Francesco Pepe leans over a large black chest in the basement of the Geneva Observatory. He lifts the lid to reveal a length of rubbery fiber-optic cable coiled along the bottom and surrounded by steep cliffs of foam. ”I think they may have gone a little overboard with the packaging,” Pepe says.
Dwarfed by its container, the cable doesn’t look that impressive, but it will soon be a key component in the hunt for planets like our own. In just a few months, astronomers will use the fiber to feed starlight into a new detector—the High Accuracy Radial velocity Planet Searcher–North (HARPS-N), an ultra-precise spectrograph that is being assembled nearby, not far from a field of grazing horses.

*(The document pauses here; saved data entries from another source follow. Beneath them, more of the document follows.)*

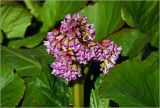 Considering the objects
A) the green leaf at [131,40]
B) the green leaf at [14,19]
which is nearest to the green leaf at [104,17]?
the green leaf at [131,40]

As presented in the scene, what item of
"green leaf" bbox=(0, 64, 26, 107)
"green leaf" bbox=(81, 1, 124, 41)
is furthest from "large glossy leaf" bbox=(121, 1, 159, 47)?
"green leaf" bbox=(0, 64, 26, 107)

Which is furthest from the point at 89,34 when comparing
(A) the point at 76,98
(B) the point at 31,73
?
(B) the point at 31,73

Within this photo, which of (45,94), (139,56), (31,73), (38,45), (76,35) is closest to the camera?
(76,35)

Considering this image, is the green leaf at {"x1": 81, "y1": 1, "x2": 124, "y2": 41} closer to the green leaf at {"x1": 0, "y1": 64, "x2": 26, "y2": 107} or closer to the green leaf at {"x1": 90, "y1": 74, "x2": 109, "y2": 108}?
the green leaf at {"x1": 90, "y1": 74, "x2": 109, "y2": 108}

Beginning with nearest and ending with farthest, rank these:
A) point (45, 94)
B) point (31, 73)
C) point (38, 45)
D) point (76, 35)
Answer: point (76, 35)
point (45, 94)
point (31, 73)
point (38, 45)

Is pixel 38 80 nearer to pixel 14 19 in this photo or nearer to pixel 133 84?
pixel 133 84

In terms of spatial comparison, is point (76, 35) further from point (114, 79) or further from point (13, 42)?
point (13, 42)

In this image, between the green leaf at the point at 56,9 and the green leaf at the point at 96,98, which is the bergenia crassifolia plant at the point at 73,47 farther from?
the green leaf at the point at 56,9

In the coming months, Pepe, an astronomer, and his colleagues will take apart the go-cart–size instrument, box up the pieces, and put them together again in a room near Italy’s Telescopio Nazionale Galileo on La Palma, one of the Canary Islands.
When HARPS-N begins observations in April, astronomers expect it will be the most precise planet hunter in the northern hemisphere. They also reckon it will be particularly well placed to help bag the most coveted extrasolar quarry of all—planets small enough to have rocky surfaces and cool enough to have liquid water. The -reason? HARPS-N will not be working alone. It will view a particular patch of the sky that has been the singular focus of NASA’s Kepler telescope for almost three years.
Kepler, which trails behind Earth in a solar orbit all its own, is on the hunt for the subtlest of flickers—periodic dips in stellar brightness caused by planets that pass, or ”transit,” in front of their host stars and briefly block about 0.01 percent of the light. And by all accounts, the spacecraft’s dogged focus on a single region of the sky has paid off nicely. In December, Kepler’s astronomers announced the discovery of a planet orbiting far enough from its sun-like host to be able to boast liquid water.
With a little luck and enough time, Kepler will find many more such planets, some quite similar in size to Earth.